- **DIRECTIONS FOR THIS TASK**
Omit the pictures and reproduce the rest of the listing exactly.

- **COLLECTED MATERIAL**
****

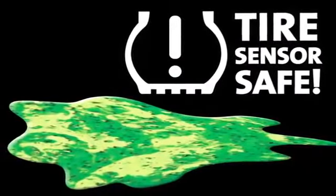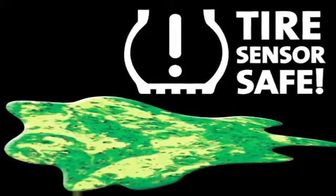Slime Pro is TPMS safe and specially formulated with powerful rust and corrosion inhibitors. This technology is something that has set Slime apart from the very beginning and, although it increases cost, it is this addition that allows Slime Pro to be compatible with all finished metal wheels.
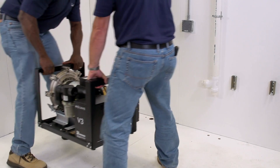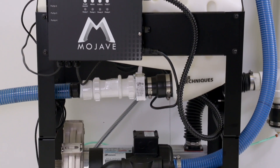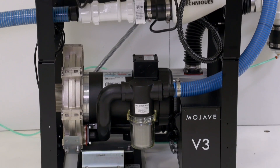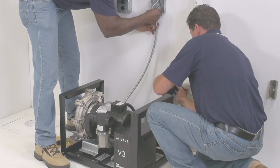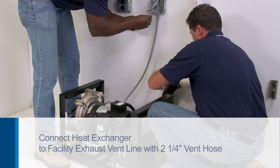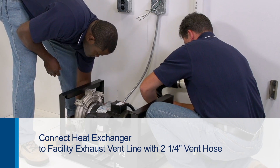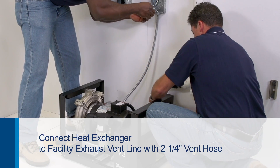Place the pump in the chosen location. Each pump assembly comes with the hardware necessary to stack another pump or stack a single tank with the pump. Start by using the 2¼-inch vent hose and connect the heat exchanger to the facility's exhaust vent line. The vent hose is provided in the pump accessory pack along with the hose clamps.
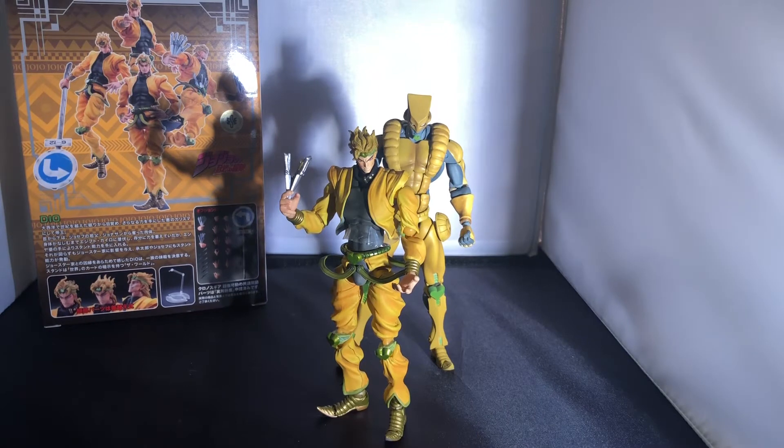What's going on guys, it's your boy K-Star here back at it again with another action figure unboxing review. Today we're going to be doing the JoJo's Bizarre Adventures Part Three Dio Brando review and unboxing from Super Action Statue Medicos.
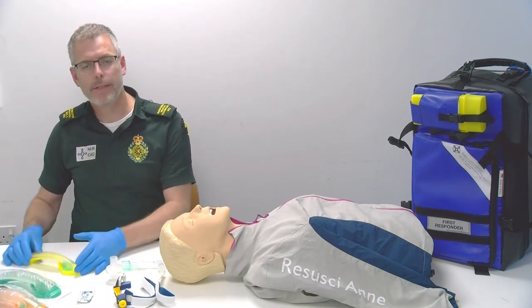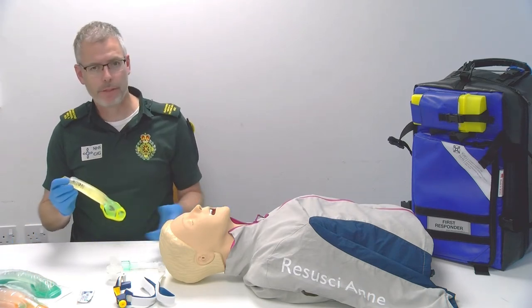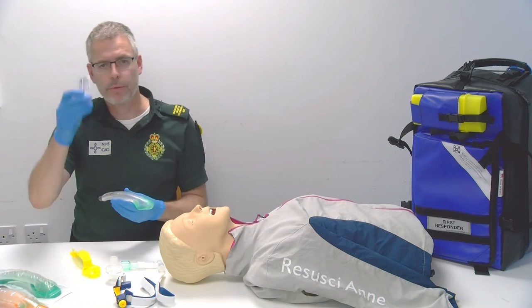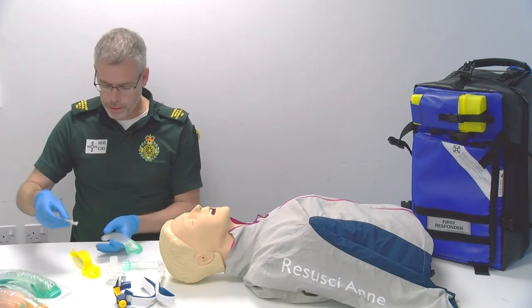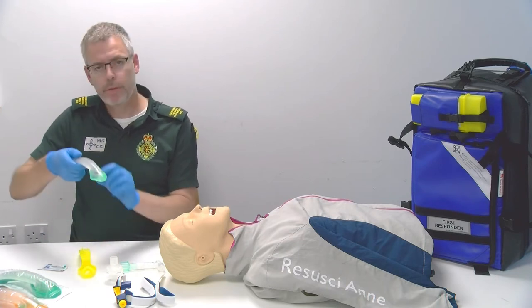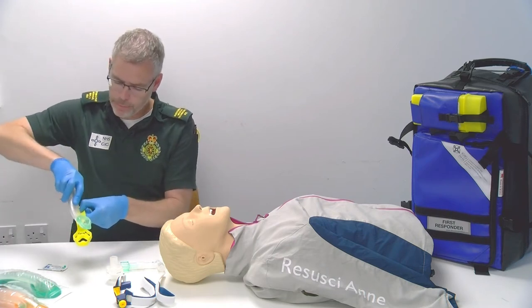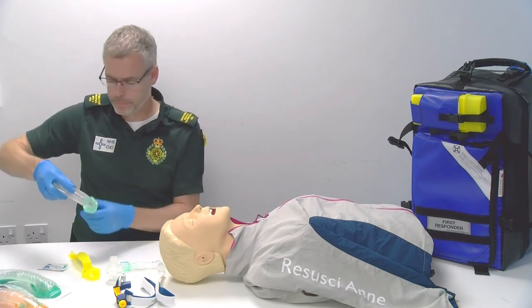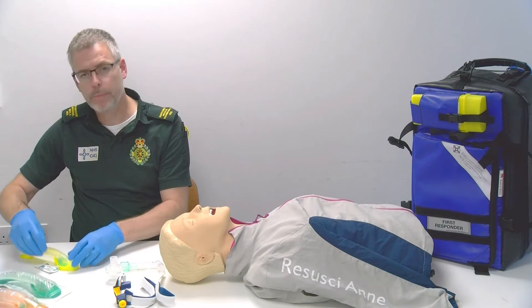Let's look at the technique of preparing the iGel. I've selected the correct size for the patient. I remove the iGel from the cradle. I'll use one sachet of lubricant and I'm going to introduce the lubricant to the body top part of the cradle. I'm then going to lubricate the rear end of the iGel and then just a very small amount on the tip of the iGel. I'm going to then place the iGel back into the cradle, lubed ready to go.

****

- **WRITTEN REPLY**
Slime Pro is TPMS safe and specially formulated with powerful rust and corrosion inhibitors. This technology is something that has set Slime apart from the very beginning and, although it increases cost, it is this addition that allows Slime Pro to be compatible with all finished metal wheels.
Place the pump in the chosen location. Each pump assembly comes with the hardware necessary to stack another pump or stack a single tank with the pump. Start by using the 2¼-inch vent hose and connect the heat exchanger to the facility's exhaust vent line. The vent hose is provided in the pump accessory pack along with the hose clamps.
What's going on guys, it's your boy K-Star here back at it again with another action figure unboxing review. Today we're going to be doing the JoJo's Bizarre Adventures Part Three Dio Brando review and unboxing from Super Action Statue Medicos.
Let's look at the technique of preparing the iGel. I've selected the correct size for the patient. I remove the iGel from the cradle. I'll use one sachet of lubricant and I'm going to introduce the lubricant to the body top part of the cradle. I'm then going to lubricate the rear end of the iGel and then just a very small amount on the tip of the iGel. I'm going to then place the iGel back into the cradle, lubed ready to go.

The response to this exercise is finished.